Je crois profondément en ce propos que Kerygme vous citez provenant de « Riposte Catholique … et c’est en quoi je considère que le refus de la peine de mort est un signe d’athéisme grandissant (et quelque peu flagorneur), et non de charité chrétienne. Pour un chrétien, répondre à ce que Dieu attend de nous passe avant la vie. : « qui veut sauver sa vie la perdra ».
Car le concept de repentir pris dans ce contexte est une fumisterie. Sachant tout le travail qu’un croyant doit faire pour s’écarter du péché, le petit nombre de sauvés, l’incertitude qui l’habite de l’être malgré son désir, croyez-vous (ne serait-ce que du point de vue de la justice) qu’il sera si facile à non seulement un incroyant, mais un criminel endurci, de suivre ce chemin ? Peut-être un cas sur mille et encore, l’exception reste l’exception et Dieu saura la jouer mieux que nous.
Certes, il n’y a probablement que le croyant pour se repentir (ou s’enflammer d’idéal) en cas de condamnation, et la peine de mort lèvera ses dernières réticences. C’était vrai autrefois, ce n’est plus d’actualité et nous savons pourquoi…
Je considère aussi comme hors sujet de dresser la liste des cas concernés, car si je disais qu’il faudrait que la vie d’autrui ait été délibérément mise pour le moins en danger ou menacée, il y aurait encore des cas chroniques comme celui du pédophile qui n’avait pas besoin d’en arriver jusque là pour imposer sa force, et qui s’il ne menaçait pas une vie, la détruira dans ce qu’elle avait de plus libre et personnel et c’est peut-être pire.
Je reporte donc ce travail à quand la peine sera reconnue pour légitime et ce qui en donnera le motif comme un critère de discernement.
Venons-en au concept de la légitime défense.
Si un homme déterminé vous menace avec une arme de tir rapide et que vous ne pouvez pas le désarmer, que vous n’avez d’autre choix que celui d’un usage similaire, allez-vous attendre qu’il ait tiré pour le faire ?

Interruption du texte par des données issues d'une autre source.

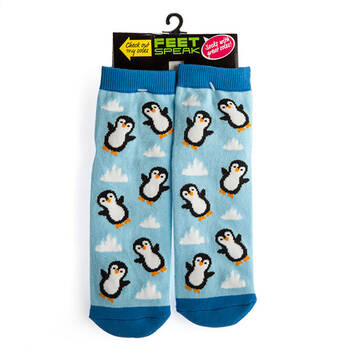 Feet Speak Penguin Women's Casual Crew Socks Blue One-Size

Je vous parle là de la réalité, pas de ces scènes rencontrées ou vues dans les films et qui pour la plupart sont complètement fausses.
Vous me direz qu’il ne voulait peut-être que vous blesser (ce qui représente pour lui un plus grand risque que de vous supprimer, car vous deviendriez le témoin de son geste et vous auriez dans votre chair une preuve) alors que déjà je pense que ce serait plus alors par manque de précision, de décision ou de réflexion, si cela arrivait.
Donc vous, à suppose que vous ayez asse de recul pour résister au stress et ne pas être paralysés ou emportés, vous ne chercheriez qu’à le blesser ? Peut-être pensez-vous qu’il vous remerciera de l’avoir épargné ? Moi je crois plutôt qu’il vous en voudra encore plus. Parmi les écrits sur les pères du désert, il en est un qui est : « Un ancien a dit : « celui qui t’a offensé réussira difficilement à te pardonner. » » et (pour compléter cette pensée si juste…) c’est lui qui te poursuivra de sa vengeance alors que c’est toi qui en aurait le droit.
En tout cas il n’en sera pas plus reconnaissant, mais aigri et plus opportuniste qu’il ne l’était, plus mesquin et méfiant, à l’affût.
C’est cela la réalité, plus que l’espoir du contraire.
Prenons un exemple plus précis encore : un homme cherche à vous tuer mais un impondérable l’en empêche. Alors qu’il se prépare à recommencer, et que vous réalisez qu’il est bien plus fort que vous, vous avez l’opportunité soit de l’assommer, soit de le tuer à votre tour.
Vous savez sans doute possible qu’à son réveil vous serez à nouveau seuls, tous les deux, que vous ne disposez de rien pour le neutraliser (liens etc.) et qu’il réessayera de vous tuer (le motif n’a pas changé, et s’y ajoutera son échec).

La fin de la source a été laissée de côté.